Embed PDF, Google Docs, Vimeo, Wistia, Embed YouTube Videos, Audios, Maps & Embed Any Documents in Gutenberg & Elementor – Authenticated (Contributor+) Stored Cross-site Scripting via ’embedpress_doc_custom_color’ – CVE-2024-2688 | WordPress Plugin Vulnerability Report – EmbedPress
Plugin Name: EmbedPress – Embed PDF, Google Docs, Vimeo, Wistia, Embed YouTube Videos, Audios, Maps & Embed Any Documents in Gutenberg & Elementor
Key Information:
- Software Type: Plugin
- Software Slug: embedpress
- Software Status: Active
- Software Author: wpdevteam
- Software Downloads: 2,350,234
- Active Installs: 90,000
- Last Updated: March 22, 2024
- Patched Versions: 3.9.13
- Affected Versions: <= 3.9.12
Vulnerability Details:
- Name: EmbedPress – Embed PDF, Google Docs, Vimeo, Wistia, Embed YouTube Videos, Audios, Maps & Embed Any Documents in Gutenberg & Elementor <= 3.9.12
- Title: Authenticated (Contributor+) Stored Cross-site Scripting via 'embedpress_doc_custom_color'
- Type: CVSS:3.1/AV:N/AC:L/PR:L/UI:N/S:U/C:L/I:L/A:N
- CVE: CVE-2024-2688
- CVSS Score: 5.4
- Publicly Published: March 22, 2024
- Researcher: Ngô Thiên An (ancorn_) - VNPT-VCI ST
- Description: The EmbedPress plugin for WordPress is vulnerable to Stored Cross-Site Scripting via the EmbedPress document widget in all versions up to, and including, 3.9.12 due to insufficient input sanitization and output escaping on user-supplied attributes. Authenticated attackers, with contributor-level access and above, can inject arbitrary web scripts in pages that will execute whenever a user accesses an injected page.
Summary:
The EmbedPress plugin for WordPress, which allows users to embed a variety of content types in their sites, has a vulnerability in versions up to and including 3.9.12. This vulnerability, arising from insufficient input sanitization and output escaping within the 'embedpress_doc_custom_color' attribute, enables authenticated users with at least contributor permissions to inject malicious scripts. This issue has been addressed in version 3.9.13 of the plugin.
Detailed Overview:
This vulnerability, discovered by security researcher Ngô Thiên An from VNPT-VCI ST, specifically targets the EmbedPress document widget's 'embedpress_doc_custom_color' attribute. The lack of adequate input sanitization and output escaping mechanisms makes it possible for attackers to embed harmful scripts that are executed when other users view the affected page. The execution of such scripts can compromise the integrity and security of the website. The prompt update to version 3.9.13 has resolved this vulnerability, reinforcing the importance of maintaining up-to-date software.
Advice for Users:
- Immediate Action: Users of the EmbedPress plugin are urged to update to version 3.9.13 immediately to mitigate the risk posed by this vulnerability.

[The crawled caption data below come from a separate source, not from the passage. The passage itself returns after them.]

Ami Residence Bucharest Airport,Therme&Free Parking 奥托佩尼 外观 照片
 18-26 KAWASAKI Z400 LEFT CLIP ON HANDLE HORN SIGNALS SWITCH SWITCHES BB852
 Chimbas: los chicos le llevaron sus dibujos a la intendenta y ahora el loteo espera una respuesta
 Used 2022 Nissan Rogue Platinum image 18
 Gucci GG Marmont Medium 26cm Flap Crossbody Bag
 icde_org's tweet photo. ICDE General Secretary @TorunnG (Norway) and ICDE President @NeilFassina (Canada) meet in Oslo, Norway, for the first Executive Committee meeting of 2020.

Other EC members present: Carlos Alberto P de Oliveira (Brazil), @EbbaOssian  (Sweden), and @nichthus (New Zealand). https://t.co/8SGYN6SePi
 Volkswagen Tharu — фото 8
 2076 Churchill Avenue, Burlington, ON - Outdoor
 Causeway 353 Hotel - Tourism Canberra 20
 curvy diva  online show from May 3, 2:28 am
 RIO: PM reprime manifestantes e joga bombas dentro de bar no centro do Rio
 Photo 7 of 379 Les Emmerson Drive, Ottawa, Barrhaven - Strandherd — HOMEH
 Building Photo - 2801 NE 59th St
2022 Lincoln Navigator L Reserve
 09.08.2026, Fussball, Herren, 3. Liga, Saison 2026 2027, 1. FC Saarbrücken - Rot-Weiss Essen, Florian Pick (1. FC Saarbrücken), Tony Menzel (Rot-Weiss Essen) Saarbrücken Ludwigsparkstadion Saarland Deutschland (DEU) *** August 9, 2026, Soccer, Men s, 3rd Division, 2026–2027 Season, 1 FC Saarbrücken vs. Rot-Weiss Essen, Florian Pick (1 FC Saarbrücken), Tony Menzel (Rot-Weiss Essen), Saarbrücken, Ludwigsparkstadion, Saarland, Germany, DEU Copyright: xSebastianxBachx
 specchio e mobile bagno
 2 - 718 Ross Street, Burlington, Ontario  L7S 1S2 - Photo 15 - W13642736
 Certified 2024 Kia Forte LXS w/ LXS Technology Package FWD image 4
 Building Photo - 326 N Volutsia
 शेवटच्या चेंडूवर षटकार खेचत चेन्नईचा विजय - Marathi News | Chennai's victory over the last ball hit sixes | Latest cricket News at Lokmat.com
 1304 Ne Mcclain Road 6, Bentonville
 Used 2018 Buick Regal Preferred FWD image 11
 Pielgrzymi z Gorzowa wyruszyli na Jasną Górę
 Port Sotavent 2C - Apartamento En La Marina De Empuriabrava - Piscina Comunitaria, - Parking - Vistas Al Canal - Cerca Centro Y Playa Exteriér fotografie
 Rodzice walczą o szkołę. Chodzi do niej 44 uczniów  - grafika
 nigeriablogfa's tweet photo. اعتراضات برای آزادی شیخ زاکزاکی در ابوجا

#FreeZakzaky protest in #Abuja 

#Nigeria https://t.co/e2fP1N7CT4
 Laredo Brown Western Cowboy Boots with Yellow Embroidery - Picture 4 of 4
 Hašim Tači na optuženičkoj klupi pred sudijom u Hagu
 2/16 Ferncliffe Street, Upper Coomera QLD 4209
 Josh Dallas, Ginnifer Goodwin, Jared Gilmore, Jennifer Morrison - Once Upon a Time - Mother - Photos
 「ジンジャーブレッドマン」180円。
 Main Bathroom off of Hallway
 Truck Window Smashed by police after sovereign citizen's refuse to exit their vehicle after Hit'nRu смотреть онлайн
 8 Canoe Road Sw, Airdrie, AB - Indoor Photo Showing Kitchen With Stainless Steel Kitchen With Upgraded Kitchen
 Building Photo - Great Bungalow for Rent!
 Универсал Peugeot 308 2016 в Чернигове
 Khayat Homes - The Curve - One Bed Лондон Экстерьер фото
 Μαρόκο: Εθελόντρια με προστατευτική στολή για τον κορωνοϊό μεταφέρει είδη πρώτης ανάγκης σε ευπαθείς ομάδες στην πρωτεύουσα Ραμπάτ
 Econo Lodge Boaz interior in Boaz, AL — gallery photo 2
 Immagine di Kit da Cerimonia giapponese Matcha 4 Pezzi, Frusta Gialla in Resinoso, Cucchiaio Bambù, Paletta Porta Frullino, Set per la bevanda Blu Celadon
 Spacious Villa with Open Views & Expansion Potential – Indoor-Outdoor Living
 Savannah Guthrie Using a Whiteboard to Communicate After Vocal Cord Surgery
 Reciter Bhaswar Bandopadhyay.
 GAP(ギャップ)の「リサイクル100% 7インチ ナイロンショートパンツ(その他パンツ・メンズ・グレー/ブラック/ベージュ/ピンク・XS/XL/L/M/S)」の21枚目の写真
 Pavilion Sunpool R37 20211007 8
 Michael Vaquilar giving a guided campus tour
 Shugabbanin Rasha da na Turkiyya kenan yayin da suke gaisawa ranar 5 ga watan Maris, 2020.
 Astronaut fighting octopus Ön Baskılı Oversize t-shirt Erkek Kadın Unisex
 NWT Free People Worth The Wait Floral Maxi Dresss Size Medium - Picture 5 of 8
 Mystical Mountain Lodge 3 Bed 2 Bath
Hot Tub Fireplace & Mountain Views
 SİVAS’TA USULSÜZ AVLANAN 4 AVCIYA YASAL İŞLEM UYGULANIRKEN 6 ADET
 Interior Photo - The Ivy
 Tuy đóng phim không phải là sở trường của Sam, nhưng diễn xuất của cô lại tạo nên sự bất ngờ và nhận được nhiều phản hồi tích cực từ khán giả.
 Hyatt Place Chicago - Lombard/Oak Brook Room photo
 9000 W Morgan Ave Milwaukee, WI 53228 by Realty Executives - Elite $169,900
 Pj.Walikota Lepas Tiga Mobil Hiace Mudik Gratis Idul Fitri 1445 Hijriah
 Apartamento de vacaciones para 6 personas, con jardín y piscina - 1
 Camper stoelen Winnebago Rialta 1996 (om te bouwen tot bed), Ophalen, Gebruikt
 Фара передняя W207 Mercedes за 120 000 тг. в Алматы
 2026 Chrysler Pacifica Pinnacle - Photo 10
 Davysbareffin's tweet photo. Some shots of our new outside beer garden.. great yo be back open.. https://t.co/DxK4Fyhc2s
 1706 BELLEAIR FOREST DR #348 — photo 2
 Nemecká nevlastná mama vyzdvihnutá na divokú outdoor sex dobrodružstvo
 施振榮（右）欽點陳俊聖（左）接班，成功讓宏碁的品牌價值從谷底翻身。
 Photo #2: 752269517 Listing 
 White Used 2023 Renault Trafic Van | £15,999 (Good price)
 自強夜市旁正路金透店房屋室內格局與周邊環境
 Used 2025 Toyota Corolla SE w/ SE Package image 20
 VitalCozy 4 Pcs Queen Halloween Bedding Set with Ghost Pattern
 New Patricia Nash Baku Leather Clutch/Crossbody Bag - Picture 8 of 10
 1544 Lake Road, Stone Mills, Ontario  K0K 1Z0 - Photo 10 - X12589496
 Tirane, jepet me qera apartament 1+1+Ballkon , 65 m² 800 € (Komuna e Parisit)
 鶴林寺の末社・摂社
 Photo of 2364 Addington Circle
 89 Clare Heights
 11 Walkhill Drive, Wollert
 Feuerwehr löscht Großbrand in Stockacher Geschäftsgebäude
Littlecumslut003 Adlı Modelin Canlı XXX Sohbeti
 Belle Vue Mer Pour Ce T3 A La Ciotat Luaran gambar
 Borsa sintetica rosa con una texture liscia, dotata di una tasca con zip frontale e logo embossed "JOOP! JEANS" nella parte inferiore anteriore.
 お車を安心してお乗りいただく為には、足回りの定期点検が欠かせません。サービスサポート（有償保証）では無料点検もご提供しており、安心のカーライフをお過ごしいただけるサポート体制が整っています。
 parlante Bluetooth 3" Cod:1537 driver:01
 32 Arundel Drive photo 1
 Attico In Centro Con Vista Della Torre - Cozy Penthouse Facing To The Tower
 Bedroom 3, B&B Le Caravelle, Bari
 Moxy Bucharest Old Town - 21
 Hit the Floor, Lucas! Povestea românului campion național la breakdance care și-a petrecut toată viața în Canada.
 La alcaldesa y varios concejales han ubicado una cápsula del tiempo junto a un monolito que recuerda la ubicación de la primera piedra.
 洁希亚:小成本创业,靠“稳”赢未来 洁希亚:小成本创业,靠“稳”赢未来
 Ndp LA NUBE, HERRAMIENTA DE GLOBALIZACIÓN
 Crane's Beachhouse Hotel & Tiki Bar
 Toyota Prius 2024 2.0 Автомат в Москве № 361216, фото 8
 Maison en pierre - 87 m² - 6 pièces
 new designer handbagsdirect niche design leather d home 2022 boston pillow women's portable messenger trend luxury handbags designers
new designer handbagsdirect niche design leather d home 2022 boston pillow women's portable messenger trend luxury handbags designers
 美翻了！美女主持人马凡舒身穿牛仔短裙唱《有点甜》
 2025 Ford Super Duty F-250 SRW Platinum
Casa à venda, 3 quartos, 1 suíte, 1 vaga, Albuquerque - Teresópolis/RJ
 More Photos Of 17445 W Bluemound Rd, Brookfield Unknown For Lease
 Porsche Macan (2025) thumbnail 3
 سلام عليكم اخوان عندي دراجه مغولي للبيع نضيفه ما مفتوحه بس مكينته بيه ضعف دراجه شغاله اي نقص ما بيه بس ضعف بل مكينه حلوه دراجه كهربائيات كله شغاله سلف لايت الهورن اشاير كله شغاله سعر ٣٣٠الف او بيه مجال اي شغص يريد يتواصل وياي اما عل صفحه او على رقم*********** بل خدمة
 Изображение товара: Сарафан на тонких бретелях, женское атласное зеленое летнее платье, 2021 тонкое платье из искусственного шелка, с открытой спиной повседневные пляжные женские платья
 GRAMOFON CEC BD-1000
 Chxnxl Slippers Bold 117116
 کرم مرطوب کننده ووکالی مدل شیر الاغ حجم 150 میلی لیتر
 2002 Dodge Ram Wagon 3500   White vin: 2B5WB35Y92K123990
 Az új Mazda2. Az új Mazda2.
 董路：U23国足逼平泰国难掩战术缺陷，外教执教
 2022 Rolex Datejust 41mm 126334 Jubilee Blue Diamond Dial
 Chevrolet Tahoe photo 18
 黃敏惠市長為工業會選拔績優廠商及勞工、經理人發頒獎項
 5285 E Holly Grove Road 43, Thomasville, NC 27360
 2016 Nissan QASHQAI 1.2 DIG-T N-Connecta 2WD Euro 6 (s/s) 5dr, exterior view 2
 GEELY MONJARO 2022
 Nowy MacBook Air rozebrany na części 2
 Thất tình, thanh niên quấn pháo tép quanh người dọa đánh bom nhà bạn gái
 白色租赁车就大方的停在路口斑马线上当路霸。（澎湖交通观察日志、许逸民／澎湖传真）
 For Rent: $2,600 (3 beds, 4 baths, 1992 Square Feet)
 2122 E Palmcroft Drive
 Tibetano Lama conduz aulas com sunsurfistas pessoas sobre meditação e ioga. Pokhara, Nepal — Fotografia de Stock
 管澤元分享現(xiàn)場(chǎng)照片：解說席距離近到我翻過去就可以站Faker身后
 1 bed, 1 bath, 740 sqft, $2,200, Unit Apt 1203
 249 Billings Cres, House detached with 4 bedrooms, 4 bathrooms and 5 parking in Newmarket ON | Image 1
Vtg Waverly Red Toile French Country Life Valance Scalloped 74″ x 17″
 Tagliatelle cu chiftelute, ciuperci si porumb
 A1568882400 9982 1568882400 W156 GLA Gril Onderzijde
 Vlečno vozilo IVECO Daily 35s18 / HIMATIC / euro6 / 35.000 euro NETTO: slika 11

- Check for Signs of Vulnerability: Administrators should review their websites for any unusual or unauthorized content, particularly in pages where the EmbedPress document widget is used.
- Alternate Plugins: While the issue has been patched, considering alternative embedding plugins might be wise until confidence in this plugin's security is fully restored.
- Stay Updated: Regularly updating all WordPress plugins and themes is crucial in protecting against known vulnerabilities and enhancing website security.
Conclusion: The swift response by the EmbedPress developers in releasing a patch for this vulnerability highlights the critical importance of software maintenance in the digital ecosystem. To secure their WordPress installations against this specific threat, users are advised to ensure that they have updated the EmbedPress plugin to version 3.9.13 or later.